CodePudding user response:
You can do this:
groups = df.groupby('Month')[['values_1', 'values_2']]
df = groups.max() - groups.min()
CodePudding user response:
there is numpy's peak to peak for that also
df.groupby('Month').agg(np.ptp)
values_1 values_2
Month
Feb 6 4
Jan 6 3
Mar 10 1
CodePudding user response:
To get the difference between max and min for each group, try:
import pandas as pd
months = ["Jan", "Jan", "Jan", "Jan","Feb","Feb","Feb", "Feb", "Mar", "Mar", "Mar", "Mar"]
values_1 = [1,2,7,1,3,8,9,4,7,4,11,1]
values_2 = [8,6,6,5,6,6,8,4,9,9,10,9]
df = pd.DataFrame({"Month": months,
"values_1": values_1,
"values_2": values_2})
def process(s):
return s.max() - s.min()
df = process(df.groupby('Month')[['values_1', 'values_2']])
df = df.reset_index(drop = False)
Month values_1 values_2
0 Feb 6 4
1 Jan 6 3
2 Mar 10 1
Or simply:
df = df.groupby('Month')[['values_1', 'values_2']].apply(lambda g: g.max() - g.min())

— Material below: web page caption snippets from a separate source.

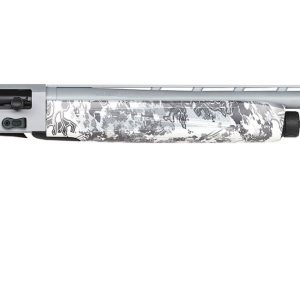 MOSSBERG 940 PRO WTRFOWL 12/28 TTVS OR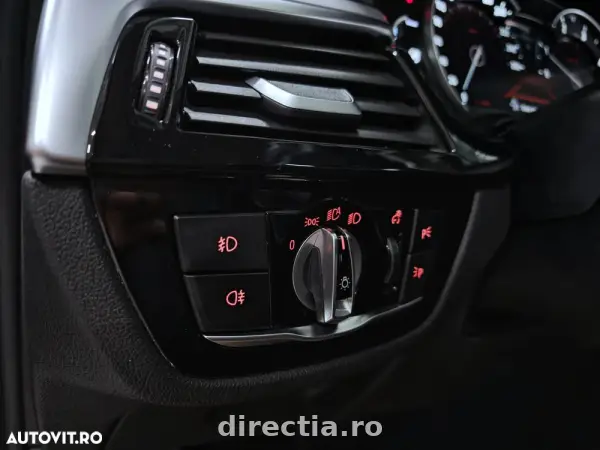 Poza anunț 26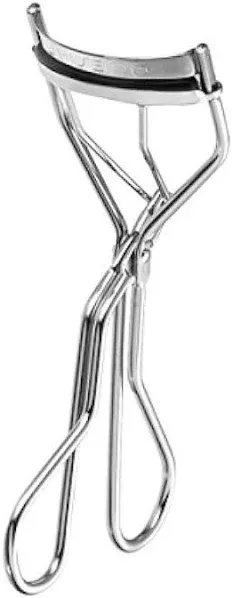 Shiseido Eyelash Curler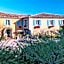 Auberge du Poids Public Logis Hotel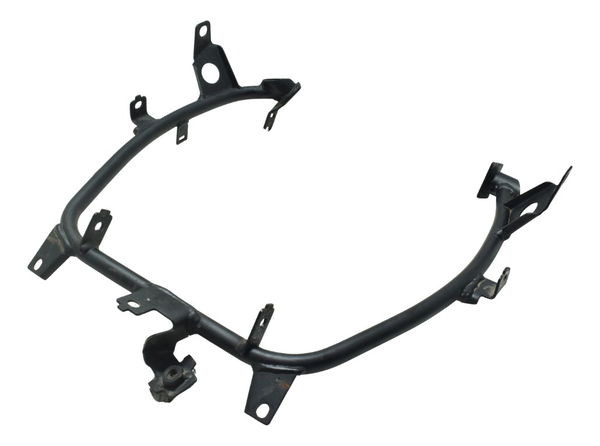 Suporte Aranha Farol Bmw G 310 Gs 17-20 Original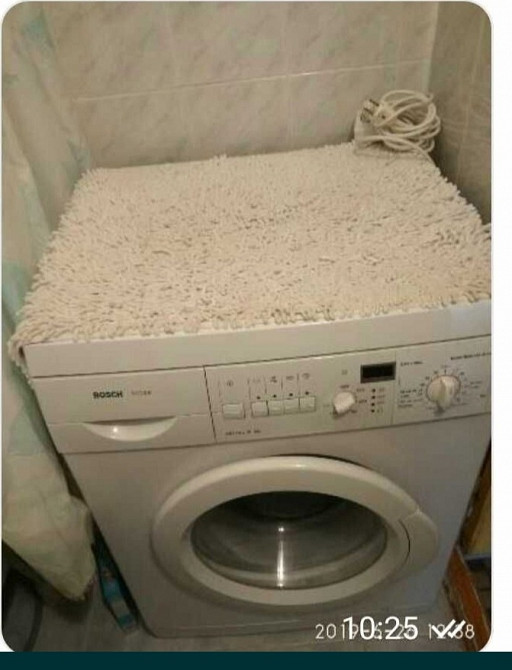 Здам койко-місце для дівчини на Троєщині Київ - зображення 3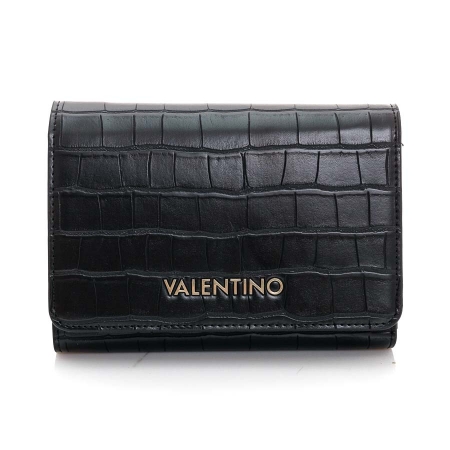 Picture of Valentino Bags VPS6GE43 Nero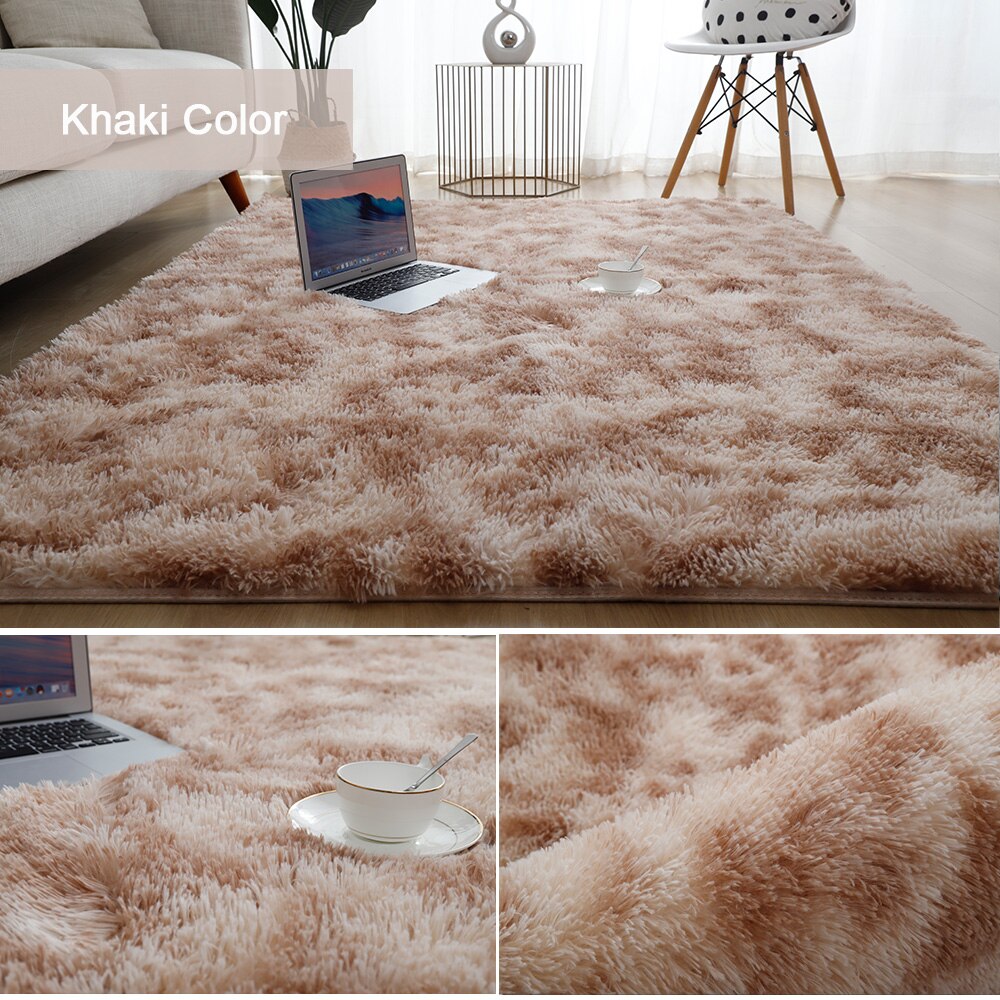 Tapis de chambre tapis salon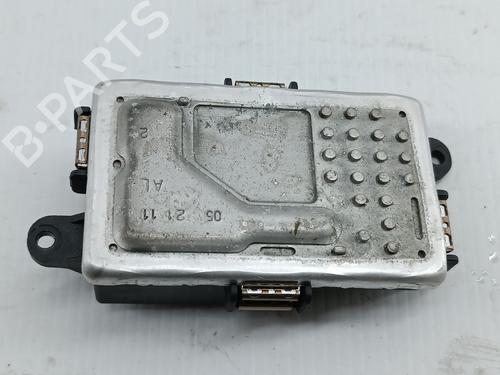 Other MERCEDES-BENZ C-CLASS (W204) C 220 CDI (204.002) | BP30083977O1 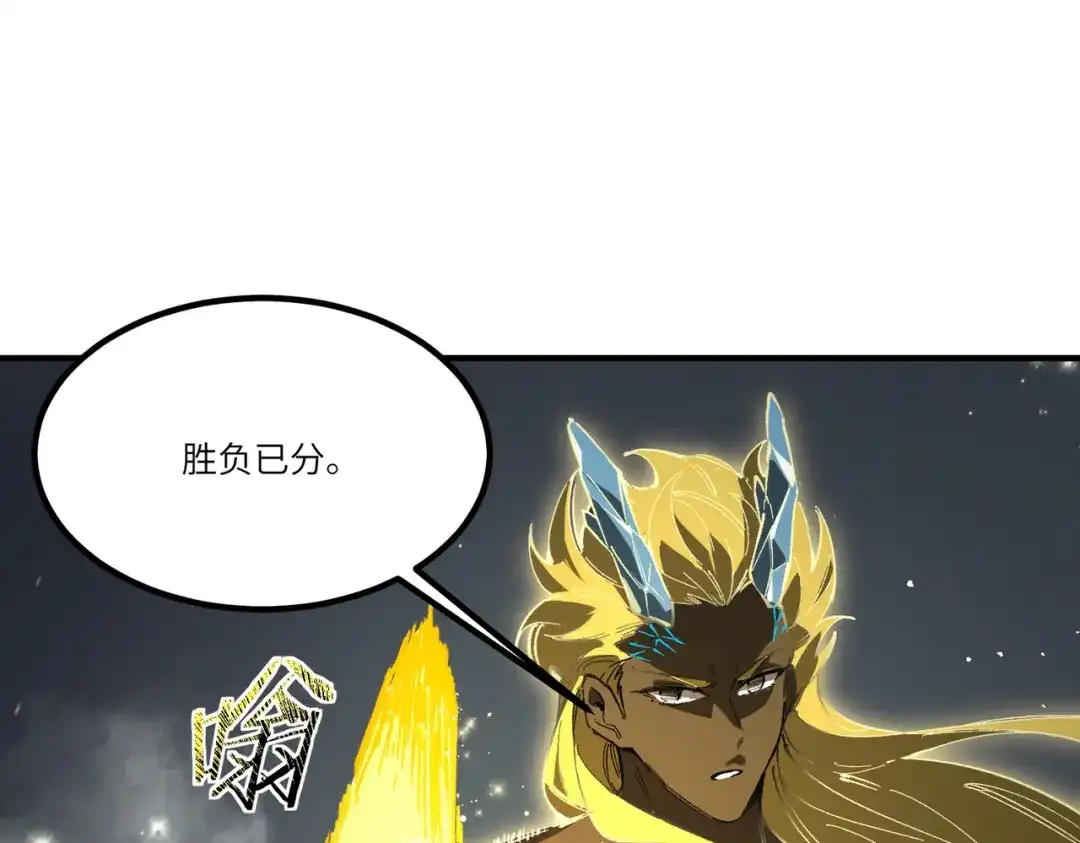 第292页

CodePudding user response:
Update: added numpy.ptp
IIUC, you can try using agg
with a list of aggregating functions like this:
df = df.groupby('Month')[['values_1', 'values_2']].agg(['min', 'max', 'std', np.ptp]).round(2)
Output:
Month values_1 values_2
min max std ptp min max std ptp
0 Feb 3 9 2.94 6 4 8 1.63 4
1 Jan 1 7 2.87 6 5 8 1.26 3
2 Mar 1 11 4.27 10 9 10 0.50 1